Interactive C++ for Data Science

In our previous blog post “Interactive C++ with Cling” we mentioned that exploratory programming is an effective way to reduce the complexity of the problem. This post will discuss some applications of Cling developed to support data science researchers. In particular, interactively probing data and interfaces makes complex libraries and complex data more accessible to users. We aim to demonstrate some of Cling’s features at scale; Cling’s eval-style programming support; projects related to Cling; and show interactive C++/CUDA.

Eval-style programming

A Cling instance can access itself through its runtime. The example creates a cling::Value to store the execution result of the incremented variable i. That mechanism can be used further to support dynamic scopes extending the name lookup at runtime.

[cling]$ #include <cling/Interpreter/Value.h>
[cling]$ #include <cling/Interpreter/Interpreter.h>
[cling]$ int i = 1;
[cling]$ cling::Value V;
[cling]$ gCling->evaluate("++i", V);
[cling]$ i
(int) 2
[cling]$ V
(cling::Value &) boxes [(int) 2]

V “boxes” the expression result providing extended lifetime if necessary. The cling::Value can be used to communicate expression values from the interpreter to compiled code.

[cling]$ ++i
(int) 3
[cling]$ V
(cling::Value &) boxes [(int) 2]

This mechanism introduces a delayed until runtime evaluation which enables some features increasing the dynamic look and feel of the C++ language.

The ROOT data analysis package

The main tool for storage, research and visualization of scientific data in the field of high energy physics (HEP) is the specialized software package ROOT. ROOT is a set of interconnected components that assist scientists from data storage and research to their visualization when published in a scientific paper. ROOT has played a significant role in scientific discoveries such as gravitational waves, the great cavity in the Pyramid of Cheops, the discovery of the Higgs boson by the Large Hadron Collider. For the last 5 years, Cling has helped to analyze 1 EB physical data, serving as a basis for over 1000 scientific publications, and supports software run across a distributed million CPU core computing facility.

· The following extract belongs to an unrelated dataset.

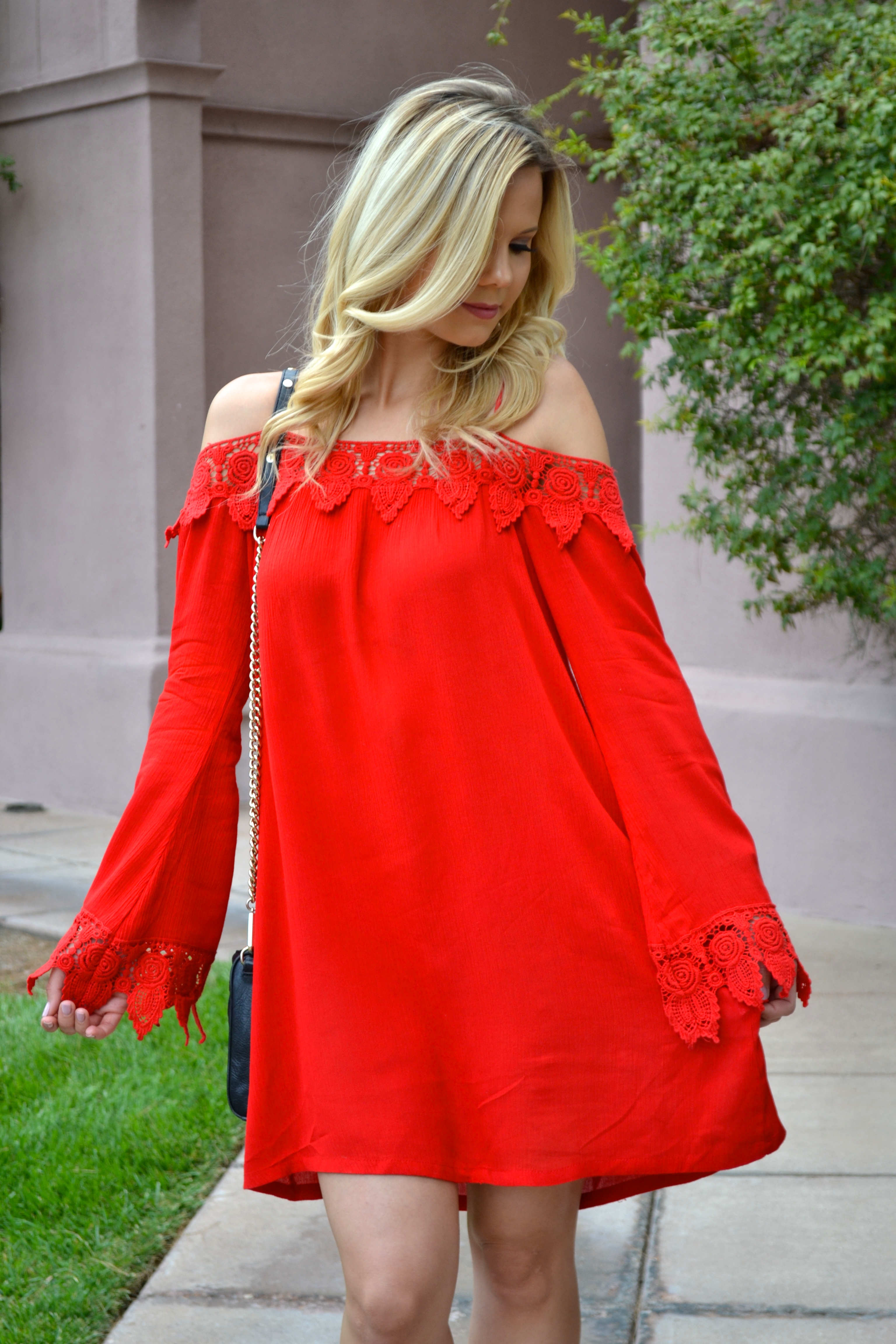 Red Lace Cold Shoulder Dress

ROOT uses Cling as a reflection information service for data serialization. The C++ objects are stored in a binary format, vertically. The content of a loaded data file is made available to the users and C++ objects become a first class citizen.

A central component of ROOT enabled by Cling is eval-style programming. We use this in HEP to make it easy to inspect and use C++ objects stored by ROOT. Cling enables ROOT to inject available object names into the name lookup when a file is opened:

[root] ntuple->GetTitle()
error: use of undeclared identifier 'ntuple'
[root] TFile::Open("tutorials/hsimple.root"); ntuple->GetTitle() // #1
(const char *) "Demo ntuple"
[root] gFile->ls();
TFile**        tutorials/hsimple.root    Demo ROOT file with histograms
 TFile*        tutorials/hsimple.root    Demo ROOT file with histograms
  OBJ: TH1F    hpx    This is the px distribution : 0 at: 0x7fadbb84e390
  OBJ: TNtuple    ntuple    Demo ntuple : 0 at: 0x7fadbb93a890
  KEY: TH1F    hpx;1    This is the px distribution
  [...]
  KEY: TNtuple    ntuple;1    Demo ntuple
[root] hpx->Draw()

The ROOT framework injects additional names to the name lookup on two stages. First, it builds an invalid AST by marking the occurrence of ntuple (#1), then it is transformed into gCling->EvaluateT</*return type*/void>("ntuple->GetTitle()", /*context*/); On the next stage, at runtime, ROOT opens the file, reads its preambule and injects the names via the external name lookup facility in clang. The transformation becomes more complex if ntuple->GetTitle() takes arguments.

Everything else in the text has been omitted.